## Work request
Write out all the data again, exactly as it stands.
____ Supplied entries
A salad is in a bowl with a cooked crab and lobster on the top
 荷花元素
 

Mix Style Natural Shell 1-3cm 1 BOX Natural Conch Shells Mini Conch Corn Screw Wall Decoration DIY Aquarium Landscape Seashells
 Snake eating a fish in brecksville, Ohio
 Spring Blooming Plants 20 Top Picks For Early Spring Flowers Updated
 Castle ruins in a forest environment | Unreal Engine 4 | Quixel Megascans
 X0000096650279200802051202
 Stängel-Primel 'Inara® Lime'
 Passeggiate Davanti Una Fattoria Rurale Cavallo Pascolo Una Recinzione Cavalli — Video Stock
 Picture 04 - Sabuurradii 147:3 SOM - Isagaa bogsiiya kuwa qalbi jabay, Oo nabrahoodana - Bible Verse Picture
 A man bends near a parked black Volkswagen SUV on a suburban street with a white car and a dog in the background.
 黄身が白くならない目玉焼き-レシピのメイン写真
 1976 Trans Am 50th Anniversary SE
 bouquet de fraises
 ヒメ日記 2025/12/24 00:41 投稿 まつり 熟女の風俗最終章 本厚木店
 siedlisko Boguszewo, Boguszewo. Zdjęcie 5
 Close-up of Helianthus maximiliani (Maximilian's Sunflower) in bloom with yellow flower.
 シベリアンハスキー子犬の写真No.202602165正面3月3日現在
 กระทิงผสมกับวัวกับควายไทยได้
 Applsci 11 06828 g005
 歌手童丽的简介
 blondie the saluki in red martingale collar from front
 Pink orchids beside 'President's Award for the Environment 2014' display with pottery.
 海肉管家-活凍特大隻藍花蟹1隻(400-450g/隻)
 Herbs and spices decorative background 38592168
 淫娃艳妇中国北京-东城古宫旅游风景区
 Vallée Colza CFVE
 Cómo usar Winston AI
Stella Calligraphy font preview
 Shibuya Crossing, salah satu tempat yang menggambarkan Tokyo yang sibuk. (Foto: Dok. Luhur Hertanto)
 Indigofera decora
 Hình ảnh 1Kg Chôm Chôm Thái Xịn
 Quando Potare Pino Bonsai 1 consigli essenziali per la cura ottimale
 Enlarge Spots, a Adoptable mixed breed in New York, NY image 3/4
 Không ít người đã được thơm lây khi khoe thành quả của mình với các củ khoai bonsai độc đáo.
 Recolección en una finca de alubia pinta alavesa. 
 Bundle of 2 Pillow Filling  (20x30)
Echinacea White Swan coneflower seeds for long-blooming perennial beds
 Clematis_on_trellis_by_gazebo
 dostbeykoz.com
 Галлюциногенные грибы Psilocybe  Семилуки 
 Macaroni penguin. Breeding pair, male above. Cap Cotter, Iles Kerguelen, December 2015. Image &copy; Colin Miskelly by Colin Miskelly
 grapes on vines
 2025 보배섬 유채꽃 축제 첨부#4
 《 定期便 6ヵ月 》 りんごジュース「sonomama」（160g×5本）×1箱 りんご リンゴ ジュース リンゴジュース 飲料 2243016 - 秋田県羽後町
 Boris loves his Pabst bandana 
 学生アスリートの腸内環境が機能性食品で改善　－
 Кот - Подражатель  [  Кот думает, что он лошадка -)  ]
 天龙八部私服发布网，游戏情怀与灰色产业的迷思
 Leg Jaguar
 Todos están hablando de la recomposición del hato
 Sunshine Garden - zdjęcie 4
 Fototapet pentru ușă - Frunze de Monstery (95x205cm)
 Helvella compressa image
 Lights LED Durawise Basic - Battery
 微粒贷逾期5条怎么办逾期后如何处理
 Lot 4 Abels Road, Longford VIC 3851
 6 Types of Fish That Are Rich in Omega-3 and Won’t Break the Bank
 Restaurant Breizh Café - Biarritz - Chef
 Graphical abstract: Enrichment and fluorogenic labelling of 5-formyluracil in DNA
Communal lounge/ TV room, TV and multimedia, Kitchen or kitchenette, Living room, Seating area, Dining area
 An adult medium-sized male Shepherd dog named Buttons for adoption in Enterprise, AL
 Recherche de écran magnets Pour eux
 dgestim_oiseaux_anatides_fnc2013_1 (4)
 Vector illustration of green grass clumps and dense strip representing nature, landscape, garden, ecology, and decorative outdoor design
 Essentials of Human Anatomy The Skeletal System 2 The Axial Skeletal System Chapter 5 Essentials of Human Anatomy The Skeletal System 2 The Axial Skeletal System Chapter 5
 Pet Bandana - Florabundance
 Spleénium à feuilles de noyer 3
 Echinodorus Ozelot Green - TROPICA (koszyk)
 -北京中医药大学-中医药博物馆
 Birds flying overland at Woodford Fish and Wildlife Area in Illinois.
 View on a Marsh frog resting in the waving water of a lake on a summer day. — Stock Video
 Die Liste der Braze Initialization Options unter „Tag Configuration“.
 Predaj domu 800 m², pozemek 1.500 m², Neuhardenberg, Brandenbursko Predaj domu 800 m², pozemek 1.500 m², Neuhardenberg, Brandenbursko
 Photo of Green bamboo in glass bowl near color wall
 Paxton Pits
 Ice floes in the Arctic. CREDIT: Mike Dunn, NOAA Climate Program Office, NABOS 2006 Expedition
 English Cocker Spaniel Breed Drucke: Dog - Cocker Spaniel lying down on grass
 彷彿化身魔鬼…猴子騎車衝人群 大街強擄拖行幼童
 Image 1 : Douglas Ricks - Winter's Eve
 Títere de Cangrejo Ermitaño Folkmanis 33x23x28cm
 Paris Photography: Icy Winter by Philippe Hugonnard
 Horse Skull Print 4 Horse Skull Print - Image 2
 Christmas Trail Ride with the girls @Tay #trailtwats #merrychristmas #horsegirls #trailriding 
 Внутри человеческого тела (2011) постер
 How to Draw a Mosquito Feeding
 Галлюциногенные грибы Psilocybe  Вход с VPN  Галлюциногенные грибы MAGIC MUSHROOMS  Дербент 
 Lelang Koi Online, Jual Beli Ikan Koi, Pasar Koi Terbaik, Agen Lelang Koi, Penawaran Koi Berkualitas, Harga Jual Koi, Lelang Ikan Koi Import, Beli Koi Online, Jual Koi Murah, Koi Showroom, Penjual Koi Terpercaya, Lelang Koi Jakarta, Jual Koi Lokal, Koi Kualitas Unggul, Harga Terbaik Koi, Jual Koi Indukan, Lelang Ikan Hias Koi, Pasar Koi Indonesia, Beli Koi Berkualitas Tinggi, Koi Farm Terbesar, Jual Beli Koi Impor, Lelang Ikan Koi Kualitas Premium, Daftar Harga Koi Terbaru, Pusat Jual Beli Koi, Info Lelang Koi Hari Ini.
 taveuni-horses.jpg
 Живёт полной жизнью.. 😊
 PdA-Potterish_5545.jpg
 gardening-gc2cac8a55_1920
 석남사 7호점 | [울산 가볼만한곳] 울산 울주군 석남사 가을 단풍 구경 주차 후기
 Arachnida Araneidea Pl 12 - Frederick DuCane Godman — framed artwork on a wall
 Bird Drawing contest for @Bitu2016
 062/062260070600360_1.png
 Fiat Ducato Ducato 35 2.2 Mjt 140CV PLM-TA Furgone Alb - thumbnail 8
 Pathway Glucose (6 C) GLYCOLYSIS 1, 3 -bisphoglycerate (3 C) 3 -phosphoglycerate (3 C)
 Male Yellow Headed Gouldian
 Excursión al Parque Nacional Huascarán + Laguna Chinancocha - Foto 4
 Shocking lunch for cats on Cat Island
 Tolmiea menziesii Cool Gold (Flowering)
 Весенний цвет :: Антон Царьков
________
## Written solution
A salad is in a bowl with a cooked crab and lobster on the top
 荷花元素
 

Mix Style Natural Shell 1-3cm 1 BOX Natural Conch Shells Mini Conch Corn Screw Wall Decoration DIY Aquarium Landscape Seashells
 Snake eating a fish in brecksville, Ohio
 Spring Blooming Plants 20 Top Picks For Early Spring Flowers Updated
 Castle ruins in a forest environment | Unreal Engine 4 | Quixel Megascans
 X0000096650279200802051202
 Stängel-Primel 'Inara® Lime'
 Passeggiate Davanti Una Fattoria Rurale Cavallo Pascolo Una Recinzione Cavalli — Video Stock
 Picture 04 - Sabuurradii 147:3 SOM - Isagaa bogsiiya kuwa qalbi jabay, Oo nabrahoodana - Bible Verse Picture
 A man bends near a parked black Volkswagen SUV on a suburban street with a white car and a dog in the background.
 黄身が白くならない目玉焼き-レシピのメイン写真
 1976 Trans Am 50th Anniversary SE
 bouquet de fraises
 ヒメ日記 2025/12/24 00:41 投稿 まつり 熟女の風俗最終章 本厚木店
 siedlisko Boguszewo, Boguszewo. Zdjęcie 5
 Close-up of Helianthus maximiliani (Maximilian's Sunflower) in bloom with yellow flower.
 シベリアンハスキー子犬の写真No.202602165正面3月3日現在
 กระทิงผสมกับวัวกับควายไทยได้
 Applsci 11 06828 g005
 歌手童丽的简介
 blondie the saluki in red martingale collar from front
 Pink orchids beside 'President's Award for the Environment 2014' display with pottery.
 海肉管家-活凍特大隻藍花蟹1隻(400-450g/隻)
 Herbs and spices decorative background 38592168
 淫娃艳妇中国北京-东城古宫旅游风景区
 Vallée Colza CFVE
 Cómo usar Winston AI
Stella Calligraphy font preview
 Shibuya Crossing, salah satu tempat yang menggambarkan Tokyo yang sibuk. (Foto: Dok. Luhur Hertanto)
 Indigofera decora
 Hình ảnh 1Kg Chôm Chôm Thái Xịn
 Quando Potare Pino Bonsai 1 consigli essenziali per la cura ottimale
 Enlarge Spots, a Adoptable mixed breed in New York, NY image 3/4
 Không ít người đã được thơm lây khi khoe thành quả của mình với các củ khoai bonsai độc đáo.
 Recolección en una finca de alubia pinta alavesa. 
 Bundle of 2 Pillow Filling  (20x30)
Echinacea White Swan coneflower seeds for long-blooming perennial beds
 Clematis_on_trellis_by_gazebo
 dostbeykoz.com
 Галлюциногенные грибы Psilocybe  Семилуки 
 Macaroni penguin. Breeding pair, male above. Cap Cotter, Iles Kerguelen, December 2015. Image &copy; Colin Miskelly by Colin Miskelly
 grapes on vines
 2025 보배섬 유채꽃 축제 첨부#4
 《 定期便 6ヵ月 》 りんごジュース「sonomama」（160g×5本）×1箱 りんご リンゴ ジュース リンゴジュース 飲料 2243016 - 秋田県羽後町
 Boris loves his Pabst bandana 
 学生アスリートの腸内環境が機能性食品で改善　－
 Кот - Подражатель  [  Кот думает, что он лошадка -)  ]
 天龙八部私服发布网，游戏情怀与灰色产业的迷思
 Leg Jaguar
 Todos están hablando de la recomposición del hato
 Sunshine Garden - zdjęcie 4
 Fototapet pentru ușă - Frunze de Monstery (95x205cm)
 Helvella compressa image
 Lights LED Durawise Basic - Battery
 微粒贷逾期5条怎么办逾期后如何处理
 Lot 4 Abels Road, Longford VIC 3851
 6 Types of Fish That Are Rich in Omega-3 and Won’t Break the Bank
 Restaurant Breizh Café - Biarritz - Chef
 Graphical abstract: Enrichment and fluorogenic labelling of 5-formyluracil in DNA
Communal lounge/ TV room, TV and multimedia, Kitchen or kitchenette, Living room, Seating area, Dining area
 An adult medium-sized male Shepherd dog named Buttons for adoption in Enterprise, AL
 Recherche de écran magnets Pour eux
 dgestim_oiseaux_anatides_fnc2013_1 (4)
 Vector illustration of green grass clumps and dense strip representing nature, landscape, garden, ecology, and decorative outdoor design
 Essentials of Human Anatomy The Skeletal System 2 The Axial Skeletal System Chapter 5 Essentials of Human Anatomy The Skeletal System 2 The Axial Skeletal System Chapter 5
 Pet Bandana - Florabundance
 Spleénium à feuilles de noyer 3
 Echinodorus Ozelot Green - TROPICA (koszyk)
 -北京中医药大学-中医药博物馆
 Birds flying overland at Woodford Fish and Wildlife Area in Illinois.
 View on a Marsh frog resting in the waving water of a lake on a summer day. — Stock Video
 Die Liste der Braze Initialization Options unter „Tag Configuration“.
 Predaj domu 800 m², pozemek 1.500 m², Neuhardenberg, Brandenbursko Predaj domu 800 m², pozemek 1.500 m², Neuhardenberg, Brandenbursko
 Photo of Green bamboo in glass bowl near color wall
 Paxton Pits
 Ice floes in the Arctic. CREDIT: Mike Dunn, NOAA Climate Program Office, NABOS 2006 Expedition
 English Cocker Spaniel Breed Drucke: Dog - Cocker Spaniel lying down on grass
 彷彿化身魔鬼…猴子騎車衝人群 大街強擄拖行幼童
 Image 1 : Douglas Ricks - Winter's Eve
 Títere de Cangrejo Ermitaño Folkmanis 33x23x28cm
 Paris Photography: Icy Winter by Philippe Hugonnard
 Horse Skull Print 4 Horse Skull Print - Image 2
 Christmas Trail Ride with the girls @Tay #trailtwats #merrychristmas #horsegirls #trailriding 
 Внутри человеческого тела (2011) постер
 How to Draw a Mosquito Feeding
 Галлюциногенные грибы Psilocybe  Вход с VPN  Галлюциногенные грибы MAGIC MUSHROOMS  Дербент 
 Lelang Koi Online, Jual Beli Ikan Koi, Pasar Koi Terbaik, Agen Lelang Koi, Penawaran Koi Berkualitas, Harga Jual Koi, Lelang Ikan Koi Import, Beli Koi Online, Jual Koi Murah, Koi Showroom, Penjual Koi Terpercaya, Lelang Koi Jakarta, Jual Koi Lokal, Koi Kualitas Unggul, Harga Terbaik Koi, Jual Koi Indukan, Lelang Ikan Hias Koi, Pasar Koi Indonesia, Beli Koi Berkualitas Tinggi, Koi Farm Terbesar, Jual Beli Koi Impor, Lelang Ikan Koi Kualitas Premium, Daftar Harga Koi Terbaru, Pusat Jual Beli Koi, Info Lelang Koi Hari Ini.
 taveuni-horses.jpg
 Живёт полной жизнью.. 😊
 PdA-Potterish_5545.jpg
 gardening-gc2cac8a55_1920
 석남사 7호점 | [울산 가볼만한곳] 울산 울주군 석남사 가을 단풍 구경 주차 후기
 Arachnida Araneidea Pl 12 - Frederick DuCane Godman — framed artwork on a wall
 Bird Drawing contest for @Bitu2016
 062/062260070600360_1.png
 Fiat Ducato Ducato 35 2.2 Mjt 140CV PLM-TA Furgone Alb - thumbnail 8
 Pathway Glucose (6 C) GLYCOLYSIS 1, 3 -bisphoglycerate (3 C) 3 -phosphoglycerate (3 C)
 Male Yellow Headed Gouldian
 Excursión al Parque Nacional Huascarán + Laguna Chinancocha - Foto 4
 Shocking lunch for cats on Cat Island
 Tolmiea menziesii Cool Gold (Flowering)
 Весенний цвет :: Антон Царьков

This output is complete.